Q: In what ways has the current geopolitical climate changed the risk-return profile for longterm renewable energy projects in Europe? Are we seeing a shift towards shorter-term, lower-risk investments?

A: The key shift is that renewable risk is becoming less asset-specific and more system-dependent. Renewable projects were historically priced on technology costs, subsidies, and power price expectations. That model is no longer sufficient. Returns are now determined less by the asset itself and more by the system into which it is being deployed.

Key variables now extend beyond capex, offtake, and technology performance to grid access, curtailment risk, supply-chain resilience, and system integration.
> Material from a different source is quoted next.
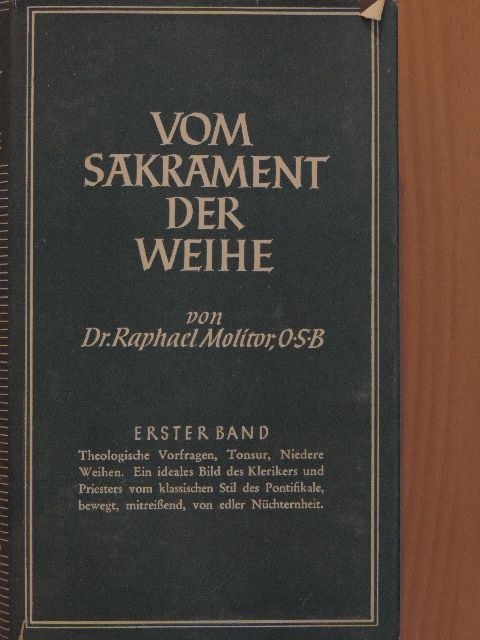 Dr. Raphael Molitor - Vom Sakrament der Weihe I. [antikvár]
Geopolitical shocks feed directly into project economics through input costs, financing conditions, infrastructure delays, and market volatility. Even as renewables reduce exposure to fossil fuel price swings, they remain embedded in an investment environment shaped by global industrial competition, concentrated manufacturing, and constrained delivery chains.

In Europe, a growing disconnect has emerged between deployment ambition and system readiness: projects can be financed, but not always connected; capacity installed, but not always integrated efficiently. As a result, congestion, curtailment, cannibalisation, and permitting delays are becoming primary drivers of return. Value is therefore shifting from standalone generation towards assets that enable system flexibility: storage, grids, interconnections, balancing capacity.
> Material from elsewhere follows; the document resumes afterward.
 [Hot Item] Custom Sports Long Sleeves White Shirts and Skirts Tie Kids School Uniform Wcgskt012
This places infrastructure at the centre. Grid expansion and system integration require coordinated public-private frameworks, as execution risk cannot be absorbed by private capital alone. As a result, some capital is shifting towards shorter-duration, lower-complexity projects where execution risk is contained. Long-term capital is not retreating – it is becoming more selective, favouring jurisdictions and projects that combine policy support with infrastructure readiness and delivery capacity.

The transition is entering a new phase: the question is no longer who builds capacity, but who can deploy it into systems that remain stable as electrification deepens and geopolitical volatility persists.

For investors, the repricing is clear: risk has shifting from technology to system operability. Capital will flow not to where capacity is planned, but to where systems can absorb and sustain it. That is now the defining condition for capital allocation in the transition.

This is a far more consequential shift.